Since then, welcome signs have emerged. A change of personnel at DSIT and DCMS has brought, I hope, a more vigorous commitment to our creative sectors. New engagement groups and technical working groups have been established, including those for Members of both Houses, to consider the complex interactions between copyright and AI. I commend that spirit of dialogue—but now we need to see outcomes, not just ongoing discussion.
The Government’s Creative Industries Sector Vision also set out ambitions that we can all share. The appointment of a Freelance Champion, long advocated by many of us, is especially welcome. We await news of how the role will evolve, but it is another step toward strengthening the creative economy that underpins so much of Britain’s soft power and international reputation.
Developments abroad remind us that we are not alone in this debate. In the United States, the landmark settlement between Anthropic and authors earlier this year, worth 1.5 billion dollars, demonstrates that AI companies cannot simply appropriate creative works without consequence. In Europe, the Commission is advancing guidelines for general-purpose AI under the AI Act, including measures to enforce copyright obligations. The Regional Court of Munich has likewise held OpenAI to account for reproducing protected lyrics in training outputs. Elsewhere, Australia has confirmed that it will not introduce a copyright exception, while South Korea moves ahead with its own AI-copyright framework.
Internationally, then, we see convergence around one simple idea: respect for copyright remains essential to confidence in creative and AI innovation alike.
That position is reflected clearly in the work of the Authors’ Licensing and Collecting Society. Its recent survey of over 13,000 members shows a striking consensus: loosening copyright rules would be counterproductive and unfair to writers. By contrast, licensing systems give creators choice and control, enabling them to decide whether—and on what terms—their works are used.
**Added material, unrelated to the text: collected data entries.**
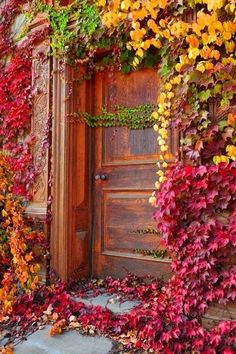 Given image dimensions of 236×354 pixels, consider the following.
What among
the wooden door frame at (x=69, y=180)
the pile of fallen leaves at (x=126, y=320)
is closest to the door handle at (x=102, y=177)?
the wooden door frame at (x=69, y=180)

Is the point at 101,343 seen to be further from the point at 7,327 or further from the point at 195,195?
the point at 195,195

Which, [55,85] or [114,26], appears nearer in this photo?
[114,26]

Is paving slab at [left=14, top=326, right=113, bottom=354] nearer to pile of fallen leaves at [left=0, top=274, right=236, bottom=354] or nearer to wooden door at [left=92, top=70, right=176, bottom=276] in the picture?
pile of fallen leaves at [left=0, top=274, right=236, bottom=354]

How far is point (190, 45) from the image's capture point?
2.80m

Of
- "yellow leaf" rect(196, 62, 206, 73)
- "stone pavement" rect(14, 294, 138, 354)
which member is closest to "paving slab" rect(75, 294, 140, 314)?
"stone pavement" rect(14, 294, 138, 354)

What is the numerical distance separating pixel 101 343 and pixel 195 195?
1297 millimetres

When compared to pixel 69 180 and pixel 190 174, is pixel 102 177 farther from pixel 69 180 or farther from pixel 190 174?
pixel 190 174

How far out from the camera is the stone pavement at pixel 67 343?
8.95 feet

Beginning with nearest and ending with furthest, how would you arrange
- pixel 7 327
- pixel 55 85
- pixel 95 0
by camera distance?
pixel 7 327, pixel 95 0, pixel 55 85

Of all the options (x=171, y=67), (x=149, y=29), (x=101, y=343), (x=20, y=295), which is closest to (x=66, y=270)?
(x=20, y=295)

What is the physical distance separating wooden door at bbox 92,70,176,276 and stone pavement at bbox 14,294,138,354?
0.60 metres

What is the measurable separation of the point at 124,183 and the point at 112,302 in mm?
1128

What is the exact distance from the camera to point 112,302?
321cm

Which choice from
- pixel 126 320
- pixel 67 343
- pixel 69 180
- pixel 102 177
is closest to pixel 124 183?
pixel 102 177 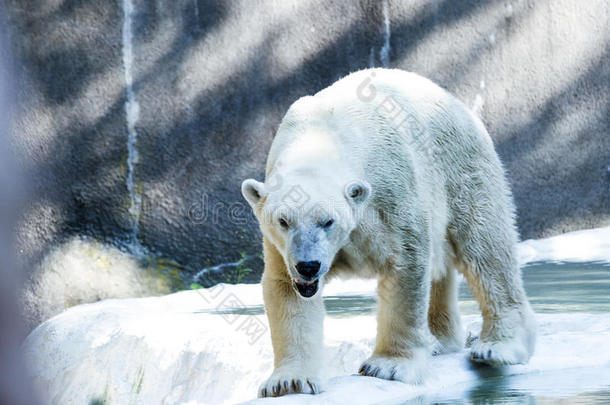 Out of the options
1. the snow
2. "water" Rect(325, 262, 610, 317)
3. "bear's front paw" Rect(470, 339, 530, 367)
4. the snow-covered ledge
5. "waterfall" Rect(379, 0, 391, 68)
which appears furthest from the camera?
"waterfall" Rect(379, 0, 391, 68)

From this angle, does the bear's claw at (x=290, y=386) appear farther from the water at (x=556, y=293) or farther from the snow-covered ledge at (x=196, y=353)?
the water at (x=556, y=293)

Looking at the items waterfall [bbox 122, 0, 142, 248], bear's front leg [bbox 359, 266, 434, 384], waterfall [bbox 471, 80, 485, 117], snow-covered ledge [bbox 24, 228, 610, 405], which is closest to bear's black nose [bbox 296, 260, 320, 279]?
bear's front leg [bbox 359, 266, 434, 384]

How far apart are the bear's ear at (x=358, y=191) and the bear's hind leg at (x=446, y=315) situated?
0.98 metres

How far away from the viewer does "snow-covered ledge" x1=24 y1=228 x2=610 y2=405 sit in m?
3.46

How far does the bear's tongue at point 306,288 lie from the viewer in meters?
2.73

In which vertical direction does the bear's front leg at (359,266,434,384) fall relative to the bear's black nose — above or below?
below

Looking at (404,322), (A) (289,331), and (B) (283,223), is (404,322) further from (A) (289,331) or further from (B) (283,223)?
(B) (283,223)

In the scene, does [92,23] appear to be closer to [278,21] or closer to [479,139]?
[278,21]

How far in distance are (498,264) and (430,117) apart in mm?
697

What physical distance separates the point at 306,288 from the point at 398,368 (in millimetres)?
549

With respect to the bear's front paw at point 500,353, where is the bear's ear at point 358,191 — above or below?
above

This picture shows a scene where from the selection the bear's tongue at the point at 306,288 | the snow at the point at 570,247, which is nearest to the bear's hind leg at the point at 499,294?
the bear's tongue at the point at 306,288

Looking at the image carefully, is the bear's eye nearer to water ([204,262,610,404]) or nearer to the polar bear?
the polar bear

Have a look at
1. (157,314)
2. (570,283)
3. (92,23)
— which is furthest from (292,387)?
(92,23) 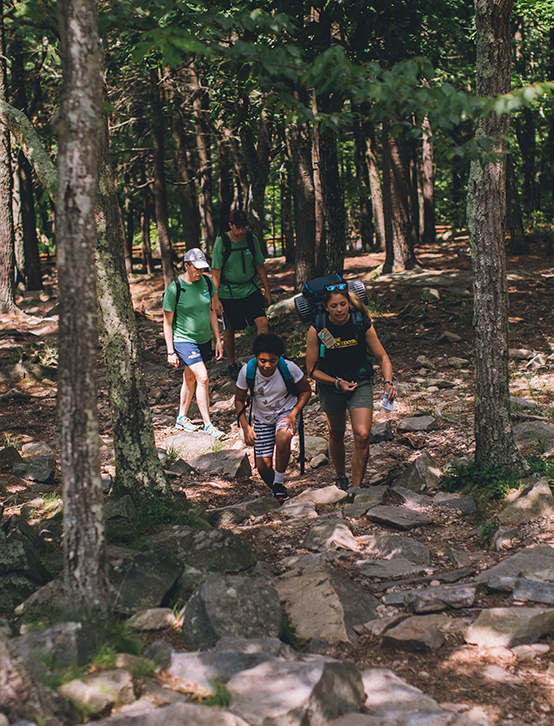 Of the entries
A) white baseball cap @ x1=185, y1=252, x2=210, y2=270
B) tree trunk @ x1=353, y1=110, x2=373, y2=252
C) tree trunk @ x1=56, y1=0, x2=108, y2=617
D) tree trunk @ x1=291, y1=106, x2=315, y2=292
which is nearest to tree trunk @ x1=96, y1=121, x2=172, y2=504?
white baseball cap @ x1=185, y1=252, x2=210, y2=270

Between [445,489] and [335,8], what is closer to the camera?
[445,489]

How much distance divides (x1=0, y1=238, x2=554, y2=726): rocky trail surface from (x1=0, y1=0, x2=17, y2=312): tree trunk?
7160 mm

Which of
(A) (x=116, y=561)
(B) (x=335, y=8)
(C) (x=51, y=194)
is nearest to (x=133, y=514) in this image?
(A) (x=116, y=561)

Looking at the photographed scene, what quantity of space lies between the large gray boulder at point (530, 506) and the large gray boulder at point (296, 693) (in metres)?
2.88

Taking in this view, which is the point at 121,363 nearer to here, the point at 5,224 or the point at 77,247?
the point at 77,247

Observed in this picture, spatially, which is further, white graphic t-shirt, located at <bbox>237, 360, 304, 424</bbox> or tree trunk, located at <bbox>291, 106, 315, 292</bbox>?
tree trunk, located at <bbox>291, 106, 315, 292</bbox>

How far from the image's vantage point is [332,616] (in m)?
4.18

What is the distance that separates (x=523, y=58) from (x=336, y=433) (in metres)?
20.8

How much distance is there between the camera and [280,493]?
266 inches

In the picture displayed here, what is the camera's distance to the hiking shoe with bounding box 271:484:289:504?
6742 millimetres

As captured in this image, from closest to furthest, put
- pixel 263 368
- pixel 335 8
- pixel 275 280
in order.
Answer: pixel 263 368
pixel 335 8
pixel 275 280

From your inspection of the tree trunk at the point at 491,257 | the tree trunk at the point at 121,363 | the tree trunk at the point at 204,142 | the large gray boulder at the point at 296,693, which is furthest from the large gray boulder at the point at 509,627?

The ALCS, together with the Copyright Licensing Agency, is now developing an innovative licensing model for the training of generative AI systems. This is a pragmatic and forward-looking approach, beginning in areas like professional, academic and business publishing where licensing frameworks already operate successfully. It builds on systems that work, rather than tearing them down.
Of course, literary fiction is more sensitive territory, and the ALCS is right to proceed carefully. But experimentation in smaller, more structured datasets can be a valuable way to test principles and develop viable models. As the courts continue to deal with questions of historic misuse, this prospective route offers a constructive path forward.
The creative industries are united. They do not seek privilege, only parity. They oppose new copyright exceptions that would undermine markets and livelihoods, but they also recognise the need to make licensing work—so that ministers and AI companies cannot claim it is impractical or inadequate.
Much progress has been made. The Government is, at last, listening. But until creators can be confident that their rights will be respected, this campaign cannot rest.
Our writers, musicians and artists have given us immense cultural wealth. Ensuring that they share fairly in the new wealth created by artificial intelligence is not an impediment to innovation—it is the foundation of it. This work must continue, and I believe we are now on the right path: one of balance, respect and creative confidence in a digital age.